Karl Kurtz runs NCSL’s Trust for Representative Democracy. Brian Weberg directs NCSL’s Legislative Management program. 

‘The Sometime Governments’

The Citizens Conference on State Legislatures was a private nonprofit organization formed in 1964 to improve state legislatures. With a major grant from the Ford Foundation, it launched a 50-state study of legislatures in 1969 and published “The Sometime Governments: An Evaluation of the 50 American Legislatures” in 1971.

Based on criteria for “functional, accountable, informed, independent and representative” legislatures, the book evaluated state legislatures and ranked them from one to 50. The rankings caused a considerable stir among state lawmakers, and were an effective call to action: No state wanted to remain ranked in the bottom half of the list or to be below its neighbors or rivals.

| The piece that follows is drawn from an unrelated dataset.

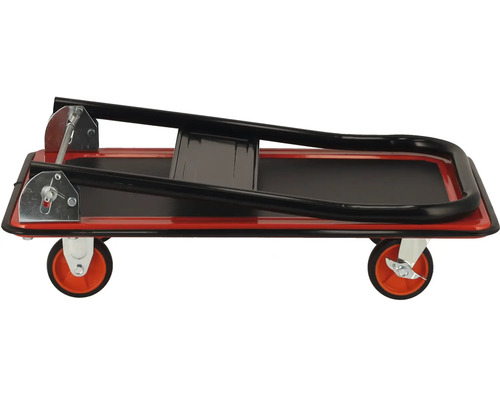 Prepravný vozík s kolieskami a skladacou rukoväťou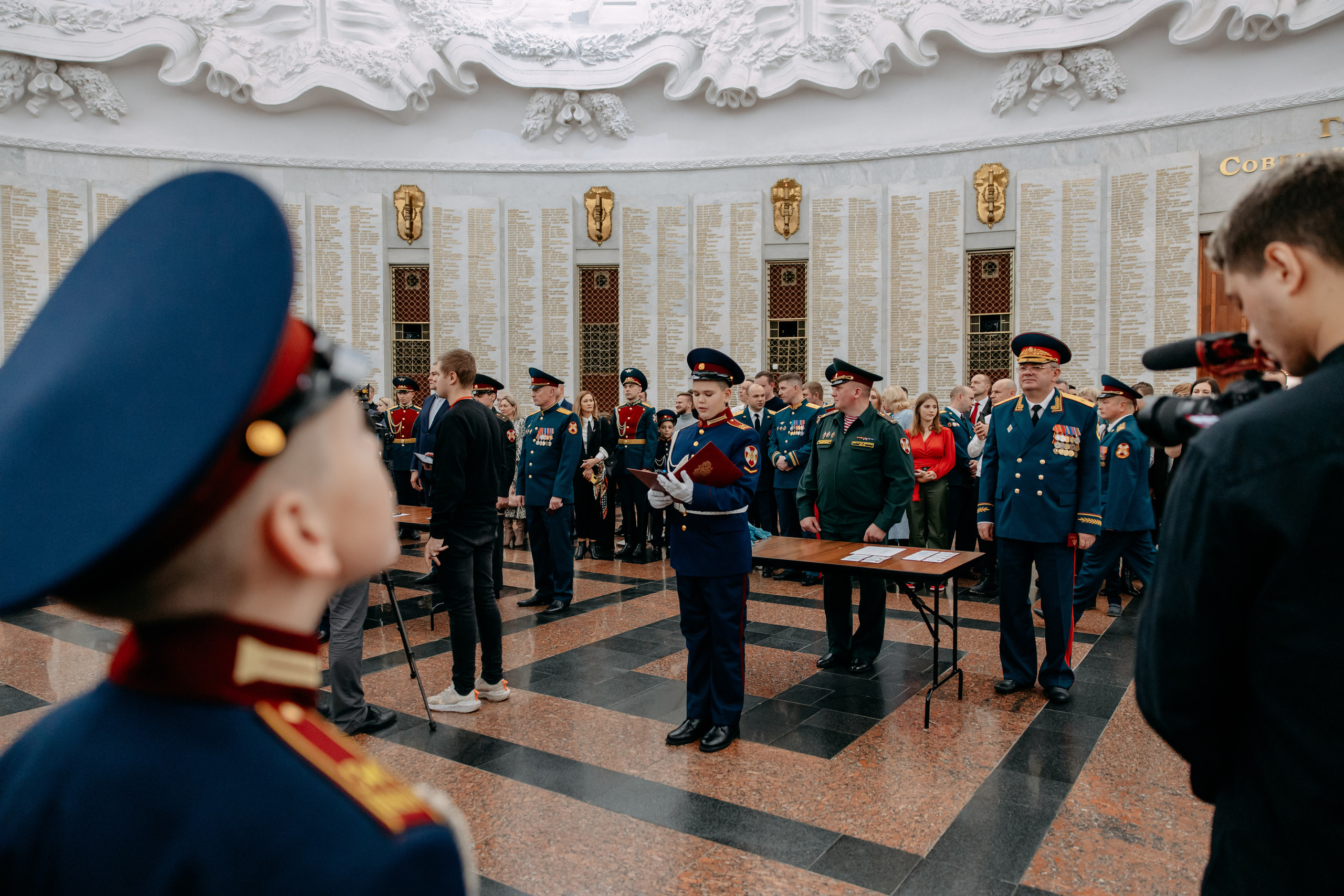 Торжественная клятва кадетов президентского училища. Фото и видео съемка. Андрей Ионов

The book contained both general recommendations for all states and specific recommendations for each legislature. The recommendations focused on such things as the length of the session, number of members, committee organization, facilities and staffing. They were highly prescriptive and specific.

During the study, the Citizens Conference was directed by Larry Margolis, former chief of staff to California Speaker Jesse Unruh, who led the transformation of the California Legislature into a full-time, professional body in the late 1960s. The implicit standard of “The Sometime Governments” was that all legislatures should look like California’s, which, not surprisingly, came out No. 1 in the rankings.